As a decoder, we'll use a Support Vector Classification, with a linear
kernel.

In [None]:
from sklearn.svm import SVC
svc = SVC(kernel='linear')
print(svc)

As our data is already in the shape for `sklearn`, we can quickly fit the model.

In [None]:
svc.fit(fmri_masked, targets)

## Predicting with / Scoring our model
Machine learning is all about **prediction**. As such, we'll use our fit model to make a prediction about the class of some data, given the structure the model has already found:

In [None]:
# Here we'll predict with the same input training data
prediction = svc.predict(fmri_masked)
print(prediction)

`sklearn` has a number of functions for defining the "score" of a model. The proper one to use depends on the nature of your model and data. Here we'll use a simple scorer for classification. These functions expect two arrays:

* The array of "true" classes for each sample
* The array of predicted classes given our model.

In [None]:
from sklearn.metrics import accuracy_score

print(accuracy_score(targets, prediction))

Wow, a score of 100%! Ship it off to *Nature*, right? Not quite yet. This is because you should **always make predictions on data that hasn't been used to fit the model**.

## Validating our model

The proper way to measure error rates or prediction accuracy is via
cross-validation: leaving out some data and testing on it. There are many ways to do this.

Here we'll do this by **manually leaving out datapoints** during fit. We'll set them aside and use them to score the model.

Let's leave out the 30 last data points during training, and test the
prediction on these 30 last points:

In [None]:
svc.fit(fmri_masked[:-30], targets[:-30])

prediction = svc.predict(fmri_masked[-30:])
print((prediction == targets[-30:]).sum() / len(targets[-30:]))


However, this seems unfortunate. We've now got 50% less data in order to fit the model. Ideally, we'd like to do two things:

* Validate our model properly (aka, on held-out data not used in model fitting)
* Use as much of our data as possible.

It is difficult to satisfy both of these conditions properly, but *cross-validation* is one way of getting closer to this goal. 

For more details on this, check out the [cross validation notebook](01.5-cross_validation.ipynb).

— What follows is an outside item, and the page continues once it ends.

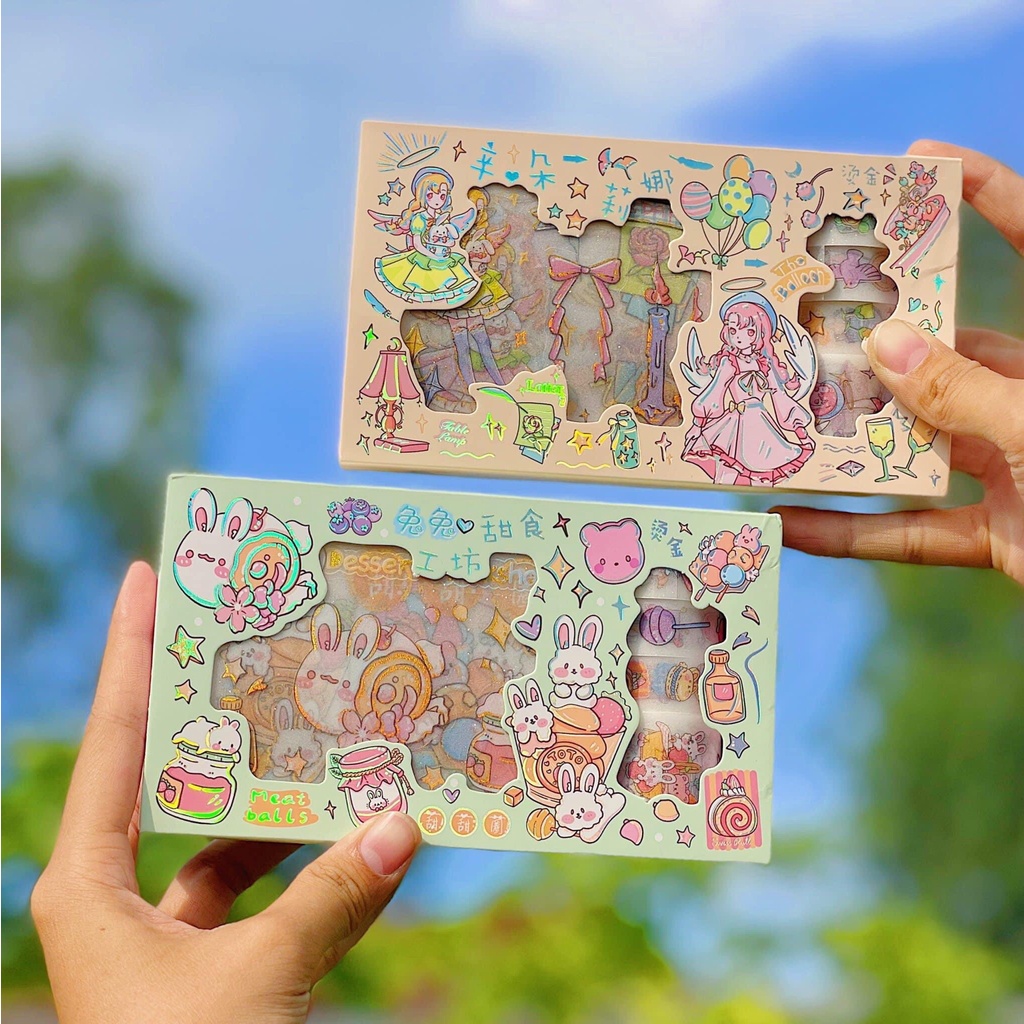 Hộp 10 washi tape + 10 sticker hình dán dễ thương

## Inspecting the model weights


Finally, now that our model has been fit to data, and validated on held-out data, it may be useful to inspect and display the model weights. This is often used to understand the voxels that were particularly important in discriminating these two classes.

`sklearn` models that are linear store their weights in an attribute called `coef_`. We'll look at this below. Note that there is one weight per feature (in this case, voxels)

In [None]:
coef_ = svc.coef_
print(coef_[:5])

In [None]:
print(svc.coef_.shape)
print(fmri_masked.shape)

### Turning the weights into a nifti image
Using our `NiftiMasker`, we can collect these weights and reshape them back into the 3-D space of our fMRI data.

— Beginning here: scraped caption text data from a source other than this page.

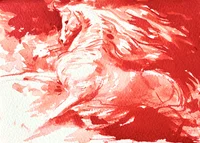 Série des chevaux rouges, aquarelle et encres acryliques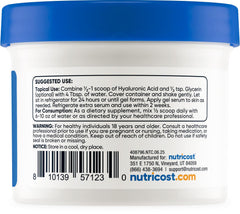Nutricost Hyaluronic Acid Powder dissolves quickly in water
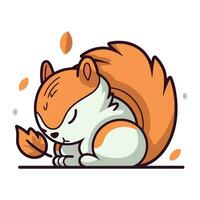 Cute squirrel. Vector illustration of a squirrel in cartoon style.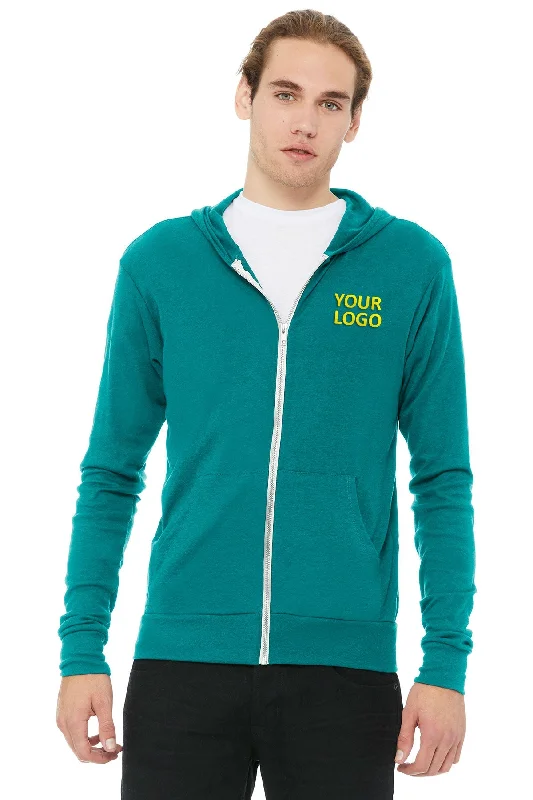 Cool Summer Bella Canvas Unisex Triblend Full-Zip Lightweight Hoodie, Teal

We need to turn it back into a Nifti image, in essence, "inverting"
what the NiftiMasker has done.

For this, we can call inverse_transform on the NiftiMasker:

In [None]:
coef_img = masker.inverse_transform(coef_)
print(coef_img)

coef_img is now a NiftiImage. Essentially, this is like the statistical "t-maps" that we've visualized before. 

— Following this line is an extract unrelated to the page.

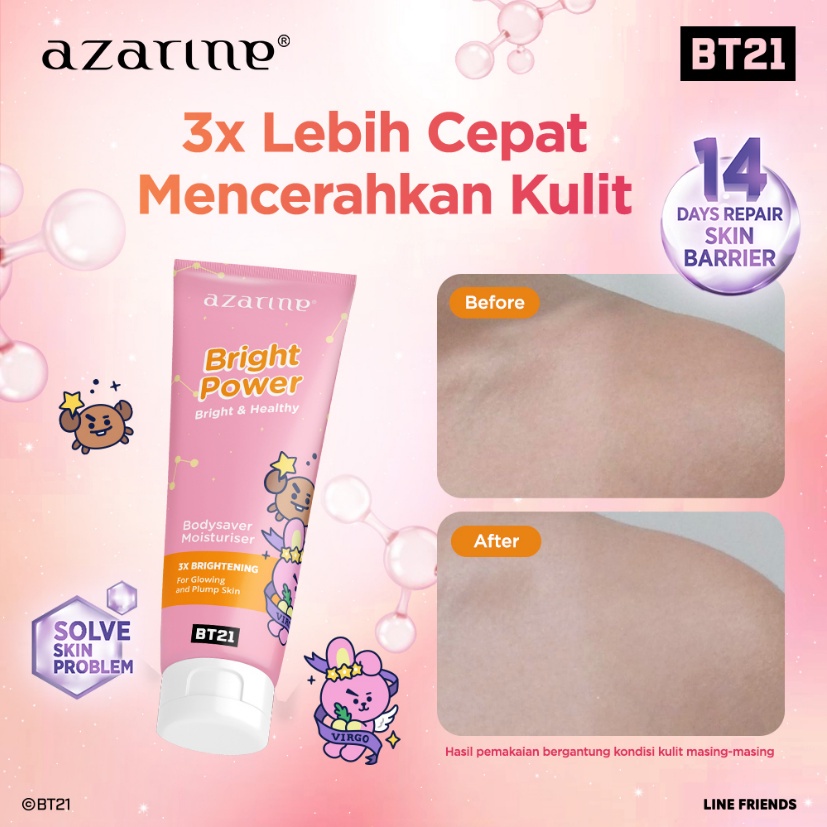 AZARINE BRIGHT POWER BRIGHT &amp; HEALTHY BODYSAVER MOISTURISE BT21 100ML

We can save the coefficients as a nii.gz file:

In [None]:
coef_img.to_filename('haxby_svc_weights.nii.gz')

## Visualizing our weights

Finally, we can plot the weights that the model found, using the subject's anatomical as a background.

In [None]:
from nilearn.plotting import plot_stat_map, show

plot_stat_map(coef_img, bg_img=haxby_dataset.anat[0],
              title="SVM weights")

# Recap
Above we've shown a sample pipeline for fitting a linear classifier using fMRI activity and object classes. We've covered a few of the basics in the machine learning pipeline, and shown how `nilearn` and `sklearn` complement one another.

Much more information about these functions, and the options available for machine learning, can be found in the `nilearn` documentation.